Case study in rhyolite mountain area
Two contrasting slope failure events named as case E and case W occurred on rhyolitic mountain slopes were picked up in the Kurose, Higashihiroshima city. In the case of E, the failure sediments became debris flow and went down through dissected river valley, destroying several Sabo dams alternately from side to side. At the mountain foot, the debris flow slightly denuded peaty silt at the bottom and eroded previous debris flow sediment laterally, and then deposited with the thickness of around 2 m, accompanying gigantic gravels including huge blocks of the destroyed Sabo dam on the depositional surface with upward coarsening structure. Lots of driftwood jammed behind the gigantic gravels with its long axis perpendicular to the flow direction. The debris lastly broadened the depositional area up to 100m.
In the case of W, failure sediments went down along the shallow unclear valley slightly denuding the surface soils keeping the width of the fluid area about 50 m. Reddish colored strongly weathered crust can be observed below the debris and the transportation area gradually changed into deposition area. The debris of the case W was much finer and slightly thinner than that of case E, with lots of driftwoods whose long axis parallel the flow direction.
To summarize in rhyolitic mountains partly covered with reddish weathering crust, even slightly dissected slopes (case W) may failure triggered by unprecedented heavy rainfall, while already dissected slopes (case E) may failure much more frequently to produce debris flows with huge gravels and continue to develop the dissected valleys progressively.

Case study in granitic mountain area
Concerning granitic mountain slopes, Kawasumi (KWS) in Kumano town, Yanohigashi (YNH) in Hiroshima city, and Koyaura (KYU) and Sakahigashi (SKH) in Saka town were picked up. KWS and YNH locate on artificially modified debris flow fan surfaces and/or mountain foot erosional gentle slopes, where plural small steep valleys met before the housing development. The distance between the present outlet of the valleys and valley heads are rather short, about 500m with steep slopes, and the 2nd is the stream order of the valley defined as the Strahler system of stream ordering. Debris with huge core stones deposited below the outlet of the valley.

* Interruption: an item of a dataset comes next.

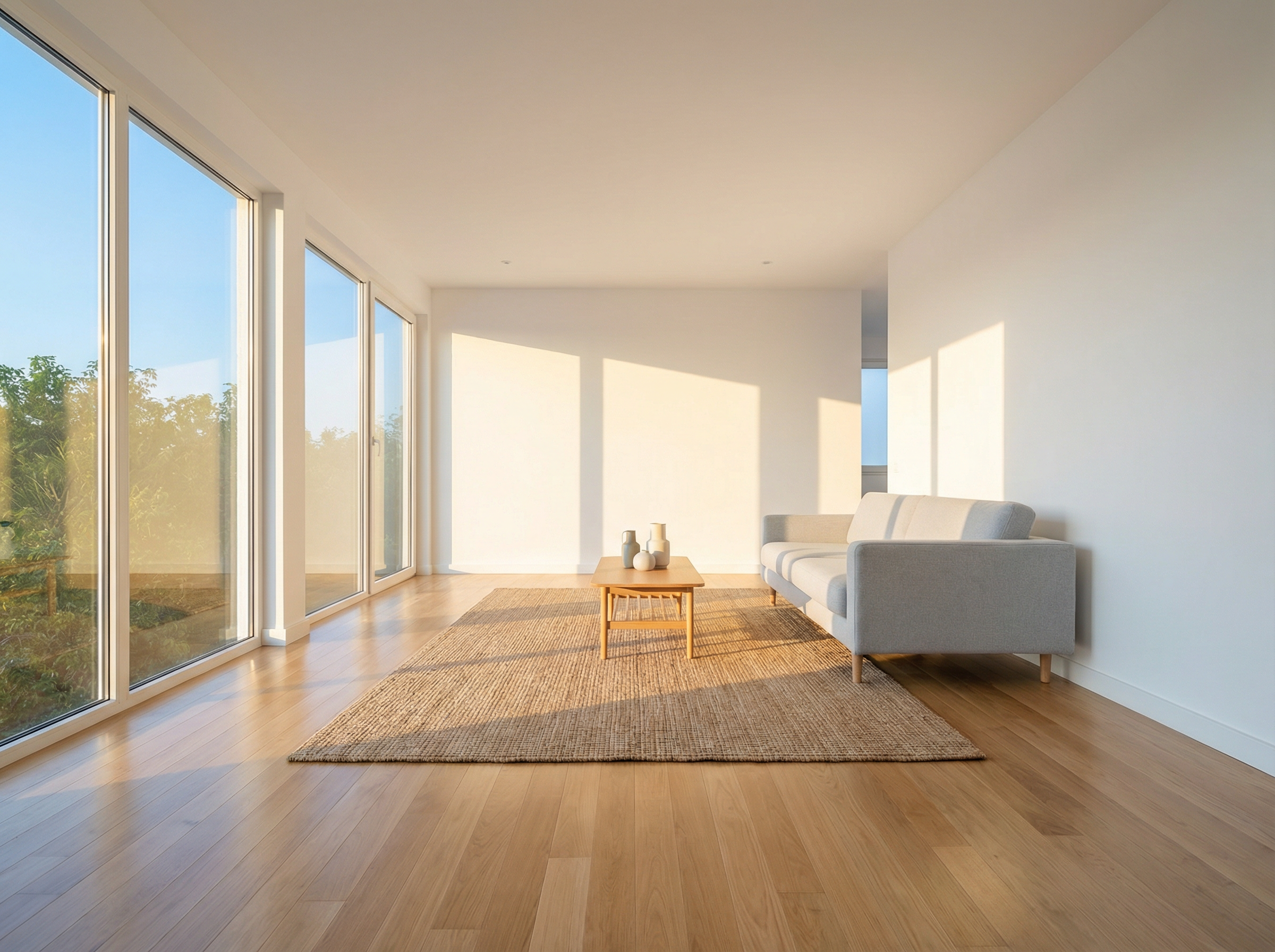 Clean, bright living room after professional mould remediation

KYU and SKH locate on small alluvial lowlands produced by fluvial depositional processes by 5th order streams whose drainage basins have a dozen of slope failures occurred by the 2018 heavy rainfall. The river course can be divided into 3 segments of 1, 2a and 2b, based on the reach types consisting the segment. Segment 1 locates upstream of the fan apex characterized by marked lateral erosion by braided channel reaches. Segment 2a locates the upstream part of the alluvial lowland with the longitudinal slope of about 6 percent characterized as debris flow fan where braided channel potentially migrates laterally without artificial channel fixing. Segment 2b locates the downstream part of the lowland characterized by straight artificial channel on fan delta with the slope of less than 6 percent.
Because the drainage basins behind KYU and SKH may produce debris flows by valley-head failures frequently, the river side narrow plains in Segment 1 are not suitable for land use. Outside areas of the curved channels in Segment 2a are the same because debris flows directly hit the areas. Actuary crevasse spley was formed at the area by the 2018 event. Along Segment 2b sand and mud tend to flow over the bank and cover the lowland widely.

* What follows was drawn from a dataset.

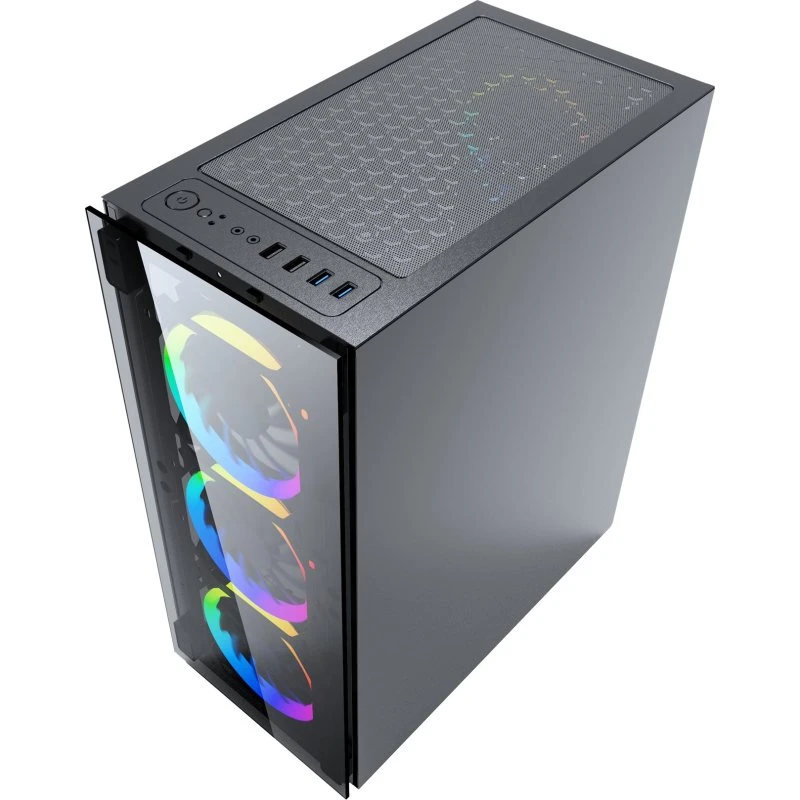Gembird Fornax 1500RGB Mid Tower, Sort, uden strømforsyning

In conclusion, it is critical for mitigating flooding and debris flow disasters to evaluate the diversity of local geomorphic conditions quantitatively based on the regional geomorphological development history which has produced the conditions through time. Thus, nationwide-geomorphological classification mapping based on the local landform development history is crucial, and to do this we need to learn much more from the floods and landslides triggered by torrential rain in western Japan 2018.